Given the first two benchmarks, we can model the expected RPS with the following equation:
Requests handled per second = Concurrent requests * Average requests handled per thread per second
The equation tells us that the RPS can be determined by how many requests are hitting the server at a time and that they have a linear relationship.
Applying the above equation to guess the RPS for 100 concurrent requests gives us an estimated 500 RPS (100 concurrent request * 5 RPS). Still quite similar to the actual 484.10 RPS figure we obtained from the benchmarks. Our mental model still works.

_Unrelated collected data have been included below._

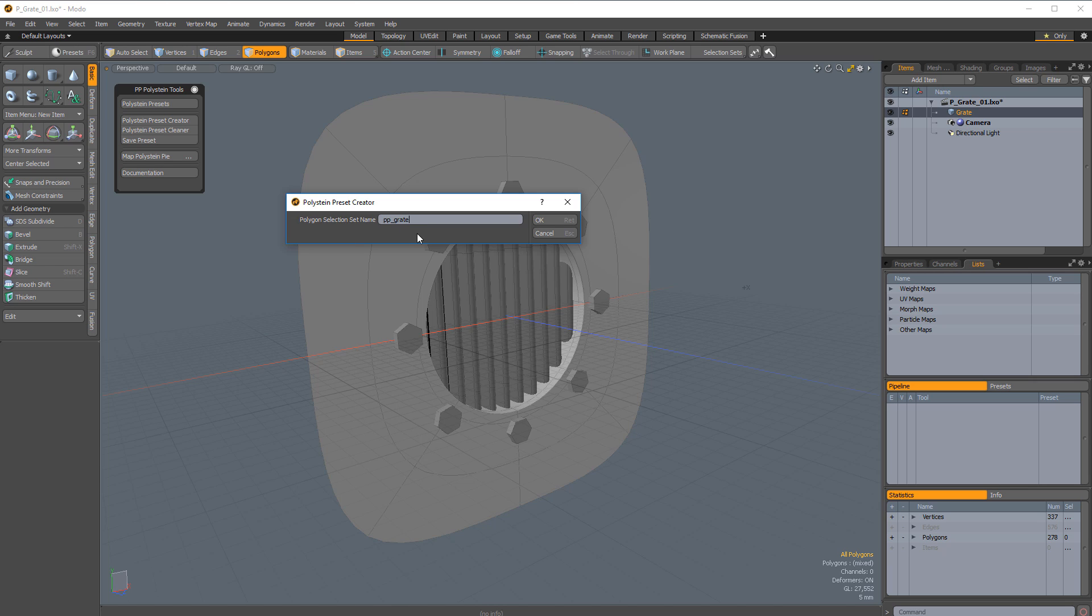Assign a name to the selection set that will be created. This selection set can be used to easily select the mesh once stitched to the target.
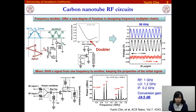We then took one step forward into radio frequency circuit applications. We have successfully demonstrated radio frequency circuits, including a frequency doubler, mixer, and amplifier. All these carbon nanotube-based RF circuits can operate with the correct functionality, which is very meaningful for the practical use of carbon nanotube RF transistors.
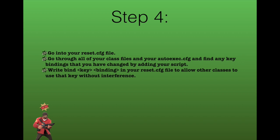Step 4, go into your reset.cfg file. Go through all of your class files and your autoexec.cfg and find any key bindings that you have changed by adding your script. Write bind, key, and then binding into your reset.cfg to allow other classes to use that key without interference.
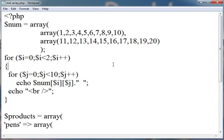So, this is about multi-dimensional array and associative array. Thank you very much.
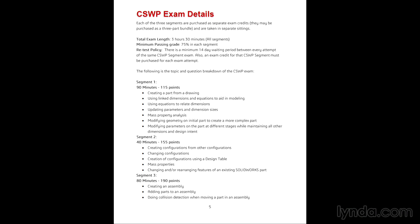Most questions on the exam build on each other, so if you mess up the first part, you'll mess up the second. Make sure you get the right answers to each question. Otherwise, go back and correct your model to verify you're getting answers close to the multiple choice options.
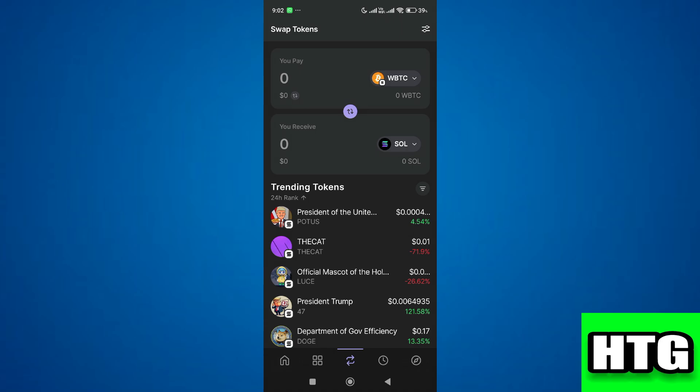Then similarly in the 'you receive' section, select the coin which you want to swap to. In our case, it's SOL. After that, you just have to follow some on-screen instructions and your coin or token will be swapped.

For 500 concurrent requests, if we naively apply the earlier equation we might expect the server to achieve 2500 RPS (500 concurrent requests * 5 RPS). However, the benchmark reveals 488.11 RPS, which is similar to the result when 100 concurrent requests are made. The reason for this behavior is that the server isn't handling 500 requests at a time. Instead, the server only processes 100 requests concurrently because it has a limited thread pool size of 100 threads. The server queues the remaining 400 requests and waits until a thread in the thread pool is available before assigning the request to it.
Now that we understand the constraints imposed by a fixed thread pool size we can update our previous equation to the following:
Requests handled per second = MIN(Concurrent requests, Thread pool size) * Average requests handled per thread per second
For our server to achieve a greater RPS we have several possible solutions.
We could increase the thread pool size. However, each thread we create consumes additional memory and the server incurs a higher context switching overhead. Consequently, continuously increasing the thread pool size will eventually lead to diminishing returns or an out-of-memory situation.
Several programming language runtimes support a different concurrency model using asynchronous processing. Node.js is one such runtime that can process non-blocking requests in a single-threaded Event Loop instead of spawning a new thread for every request. Handling requests asynchronously in a single thread mitigates the context switching overheads and out-of-memory situations that a multi-threaded approach might present.
Other runtimes provide green threads. Green threads can be thought of as "virtual threads", which are created and managed by the runtime instead of the operating system. Such a runtime is responsible for scheduling green threads on native threads and deciding when to switch between green threads. The Go programming language is one popular language that provides green threads in the form of goroutines.
Suppose we have an example scenario where 500 concurrent requests are made to a server. A server with 8 CPU cores and support for green threads can spawn 500 green threads to handle the requests, but schedule them on 8 native threads. Because green threads are cheaper to create, quicker to switch between and, consume less memory than native threads, they can handle a greater number of concurrent requests.